Odd Nosdam: T.I.M.E. Soundtrack
By Team JamBase May 5, 2009 • 2:15 pm PDT

You wouldn’t exactly have an easy time matching the face with the name after giving Odd Nosdam‘s T.I.M.E. Soundtrack (reissued February 17 on Anticon.) a good listen. Take a dive into the crunchy beats and gritty pow of T.I.M.E., which is characterized by a hard, rough-and-tumble hip-hop flavor, and David P. Madson, the plaid-clad, bearded skater out of Cincinnati probably wouldn’t be the first personage to come to mind. Nonetheless, he is the mover behind this music and he crafts with an amazing knack for piecing together bumping loops and killer breaks, old school beat methods and fresh rhythms into a cohesive, extremely listenable assortment.
The reissue (originally released in ’07) serves as the soundtrack to Element Skateboards’ This Is My Element, a comprehensive skating video that features such well-known professionals as Chad Muska and Bam Margera blowing minds with their board-maneuvering mastery.
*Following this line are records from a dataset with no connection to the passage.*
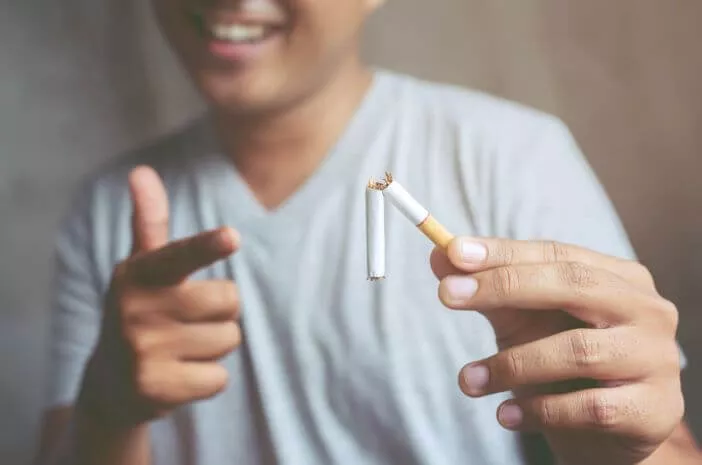 6 Trik untuk Mulai Berhenti Merokok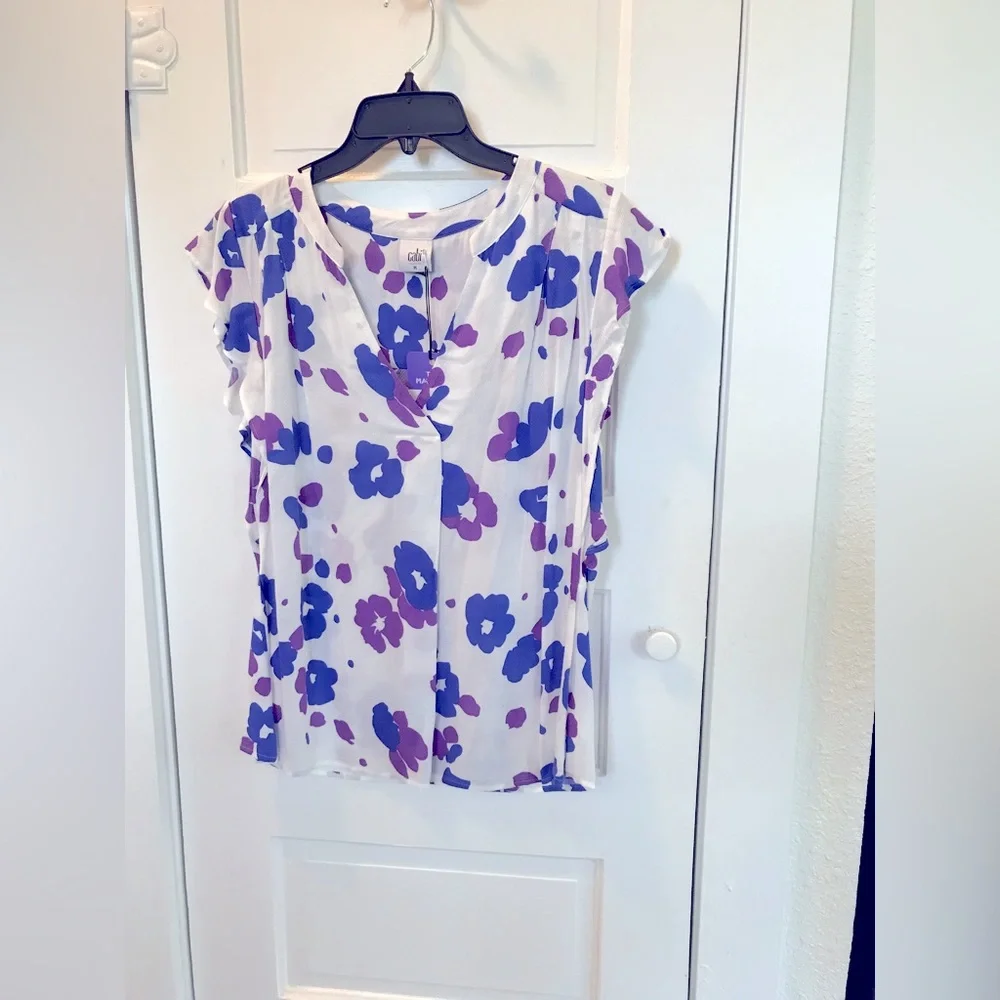 CAbi two piece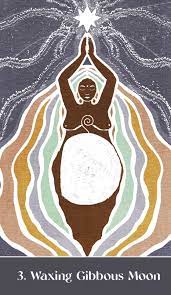 IC Sacred Cycles Oracle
To inspire his score-making efforts, Nosdam attempted to interpret the stylistic trademarks of each skater and convert them into applicable nuggets to fit their clips. Some translate to choppy, disjointed, chaos-driven inserts, while others to multi-segmented, dramatic compositions. Nosdam is known as a crate excavator, scouring through yard sales and record shops wherever he can in search of undiscovered diamonds, and traces of that dedication are evident in the diversity offered here. On the whole, T.I.M.E. packs a damn solid punch, being both grating and assaulting, yet doing so in a manner that winds up pleasurable to the ears. There are glitchy wisps of Prefuse 73, bits of DJ Shadow and Cut Chemist in certain structures, but overall, Nosdam’s sound is distinctively and definitively of his own.
A common thread runs through T.I.M.E., something of a vintage hip-hop core sprinkled with modern, novel spices, yet many tracks have very divergent identities unto themselves. “Top Rank” has a chipper, bouncy central riff resting on a smashing bassline, and “Ethereal Slap” is one that’s based on a more psychedelic, ambient-infused model, lined with chill bells, echoing drones and a simple snare beat. Both are nicely organized into soothing movements that carry one floatingly by. Then, take the concluding “T.I.M.E. Out,” made up of a barrage of wacky sound bits coming at you in unexpected shifts with a kooky time sequence, and “Trunk Bomb,” which is reminiscent of the Knight Rider theme song taken to a chop shop and boldly reconfigured, and you begin to hear how many different niches this music dips into. Throw in the guitar-driven, distortion-laden “We Bad Apples,” and you understand how this harmonious disparity continues unabated as the man behind the curtain, whoever he is, twists, spins, turns and molds all these jagged jigsaw pieces into one eclectic, entirely refreshing puzzle.